**Our Writing Speed Test sets very realistic goals for students.**

**Principal Linda writes:**

We are using Rocket Math in 2nd grade. I am in a high achieving school district. My second grade teachers feel that there is no way a second grader can complete 80 math problems in 2 minutes. We had our highest achieving student (doing 4th grade math) she could only answer 76 problems.

How was the 80 problems in 2 minutes derived? Is this appropriate for 2nd graders?

I am having a hard time convincing some teachers about even doing TIMED math facts tests. They feel it creates too much anxiety for kids. Thoughts??

**Dr. Don answers:**

Absolutely your teachers are right! Very rare to find a 2nd grader who could write the answers to 80 problems in two minutes–even after completing Rocket Math! The number of items on the page is NOT the expectation.
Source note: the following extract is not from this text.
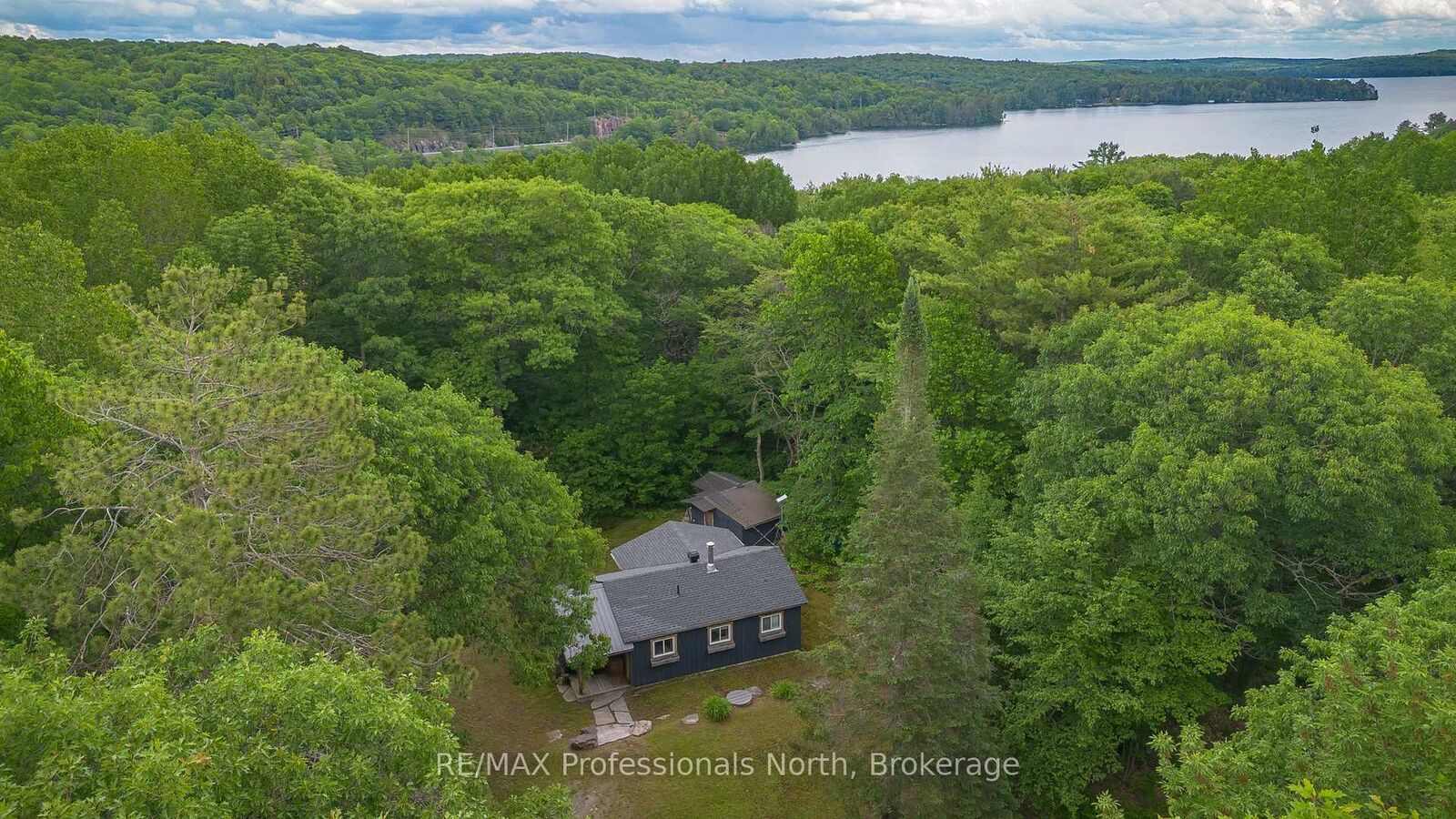 Property Photo: 1628 Boshkung Lake Road ON K0M 1J1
The purpose of the two-minute timing is to monitor progress, to be graphed and and to see if over time–over weeks–the students are improving in the number of problems they can answer in 2 minutes. Only give that test once a week or once every two weeks while they are doing Rocket Math daily. If they are learning facts by practicing with each other on a daily basis, after a week or two most students should be able to answer one or two more facts during the 2 minute timing than they did the last time they were tested. That’s all we are looking for in progress monitoring–an upward trend on the individual student graph.
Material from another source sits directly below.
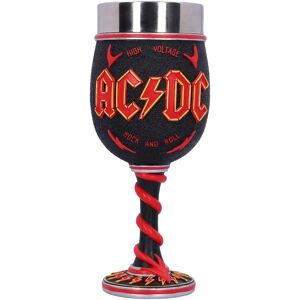 Nemesis Now ACDC High Voltage Mug - Rock Music Cup & Chalice Nemesis Now ACDC High Voltage Mug - Rock Music Cup & Chalice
Please look carefully at my site for information about expectations which should always be based on how fast students can write rather than being the same for all second graders. Nowhere does it ever say 80 problems in two minutes as an expectation! In fact, we leave the vertical axis on the Individual Student graph open, so that the teacher sets the bottom number of the vertical axis just below what the student does on their first timing. We don’t specify what students should be able to do. All we are looking for is individual improvement. If most of the students are improving, and their graphs shown an upward trend, then the program is working!

On the daily One-Minute timing, there are only facts the student has mastered, and there, students are expected to answer as many facts in a minute as they can write, based on the Writing Speed Test. For most second graders that is something less than 40, but it varies by student. Hopefully your teachers are setting expectations based on the Writing Speed Test. Teachers who do not use the Writing Speed Test to establish individualized goals and instead demand the same thing of all students in the grade without regard for writing skill would be harming the children and violating the directions on how to use the program.
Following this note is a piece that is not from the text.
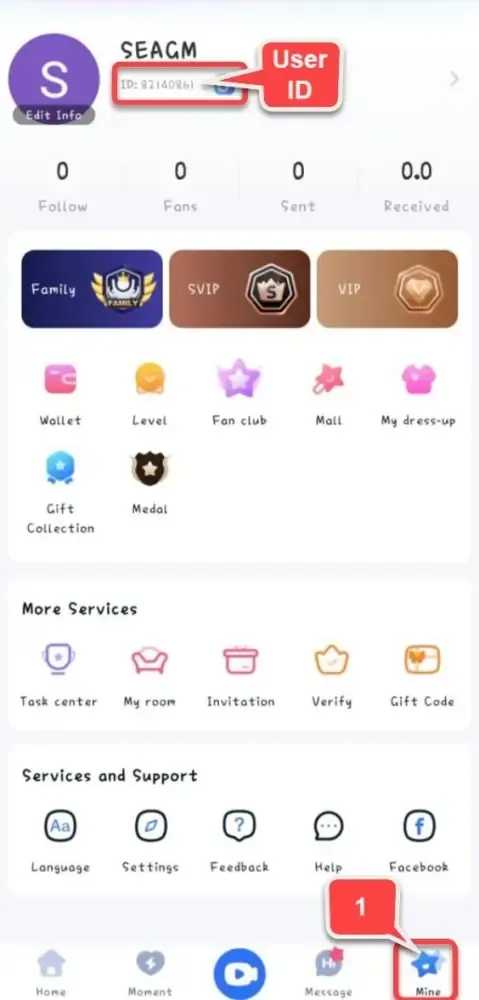 查找和验证Migo Live用户ID的指南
Some schools require benchmarks which I did post on the home page. “Click here to see my basic math fact recommended benchmarks to use with Rocket Math to implement the Common Core.” However, those should be lowered for students who cannot write that quickly according to their Writing Speed Test.

Please share my recent blog about the value of orally practicing in pairs vs taking timed tests. “Does research show student achievement increases from taking timed drills?” The short answer is no. It is the orally practicing in pairs that helps students learn. The timed tests are there only to confirm that they are learning. Some teachers even allow students to choose when they want to take the timed test, e.g., to wait until they have practiced enough days to feel that they have a shot at passing. That is a great way to give students control over their experience with Rocket Math. I hope this helps!